When member states' top energy policy officials met in Brussels yesterday (29 April), French officials came armed with brand new proposals aimed at slowing the pace of liberalisation.

The presidency's high hopes that the meeting of directors-general would break the deadlock over how much of the market should be opened and whether long-term exclusive supply contracts should be allowed in the future were dashed.

In its compromise text, the presidency suggested that the first round of liberalisation should allow big industrial customers using more than 25 million cubic metres (m3) of gas to choose their suppliers. This would then be cut to 10 million m3 five years later and to 1 million m3 after ten years.
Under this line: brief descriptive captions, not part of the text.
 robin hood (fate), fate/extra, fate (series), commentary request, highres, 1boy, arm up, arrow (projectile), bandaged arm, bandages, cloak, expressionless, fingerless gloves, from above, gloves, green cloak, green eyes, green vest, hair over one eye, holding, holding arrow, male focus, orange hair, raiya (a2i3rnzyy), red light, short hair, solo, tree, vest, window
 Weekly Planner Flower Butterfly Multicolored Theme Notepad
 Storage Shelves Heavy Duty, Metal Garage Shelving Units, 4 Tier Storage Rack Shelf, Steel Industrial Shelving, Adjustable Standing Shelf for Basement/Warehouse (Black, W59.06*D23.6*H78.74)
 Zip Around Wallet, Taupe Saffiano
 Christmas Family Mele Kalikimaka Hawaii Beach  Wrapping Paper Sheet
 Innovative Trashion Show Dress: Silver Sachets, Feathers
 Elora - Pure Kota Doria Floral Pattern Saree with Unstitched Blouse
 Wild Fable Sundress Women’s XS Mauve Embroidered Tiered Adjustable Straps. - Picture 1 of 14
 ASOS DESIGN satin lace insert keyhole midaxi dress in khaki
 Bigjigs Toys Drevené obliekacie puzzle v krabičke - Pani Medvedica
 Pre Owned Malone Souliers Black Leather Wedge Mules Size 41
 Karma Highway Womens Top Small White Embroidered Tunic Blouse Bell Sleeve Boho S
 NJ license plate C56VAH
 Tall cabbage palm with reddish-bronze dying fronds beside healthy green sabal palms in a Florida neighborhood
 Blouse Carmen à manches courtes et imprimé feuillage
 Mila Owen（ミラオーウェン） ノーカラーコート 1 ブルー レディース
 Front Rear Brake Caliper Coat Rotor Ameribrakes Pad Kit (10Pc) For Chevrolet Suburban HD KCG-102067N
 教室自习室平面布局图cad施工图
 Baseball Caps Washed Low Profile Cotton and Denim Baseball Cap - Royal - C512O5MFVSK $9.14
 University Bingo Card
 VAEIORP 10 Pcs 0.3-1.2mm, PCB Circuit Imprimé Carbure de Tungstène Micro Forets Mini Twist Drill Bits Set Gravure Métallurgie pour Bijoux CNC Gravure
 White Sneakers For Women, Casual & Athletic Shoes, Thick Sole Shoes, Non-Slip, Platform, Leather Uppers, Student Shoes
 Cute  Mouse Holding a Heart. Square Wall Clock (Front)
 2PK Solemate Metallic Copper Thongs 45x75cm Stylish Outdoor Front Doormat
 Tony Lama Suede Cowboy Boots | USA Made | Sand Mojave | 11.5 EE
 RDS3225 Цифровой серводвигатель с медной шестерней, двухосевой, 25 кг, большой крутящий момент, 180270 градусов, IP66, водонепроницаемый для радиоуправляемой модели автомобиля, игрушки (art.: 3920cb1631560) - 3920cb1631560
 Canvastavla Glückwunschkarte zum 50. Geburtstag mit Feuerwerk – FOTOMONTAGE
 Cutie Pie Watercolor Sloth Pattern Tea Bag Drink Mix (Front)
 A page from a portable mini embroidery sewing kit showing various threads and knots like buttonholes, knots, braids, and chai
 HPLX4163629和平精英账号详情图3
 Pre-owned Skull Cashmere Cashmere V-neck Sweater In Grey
At first, 30&percent; of a national market would have to be open to competition; then this would expand to 40&percent; after five years and 50&percent; after a decade.

While stating that they would have preferred faster and more extensive market-opening, Germany's Elmar Becker and the UK's Jeffrey Preston both gave their support to the Dutch proposal and found allies in the Swedes, Irish, Finns and Danes.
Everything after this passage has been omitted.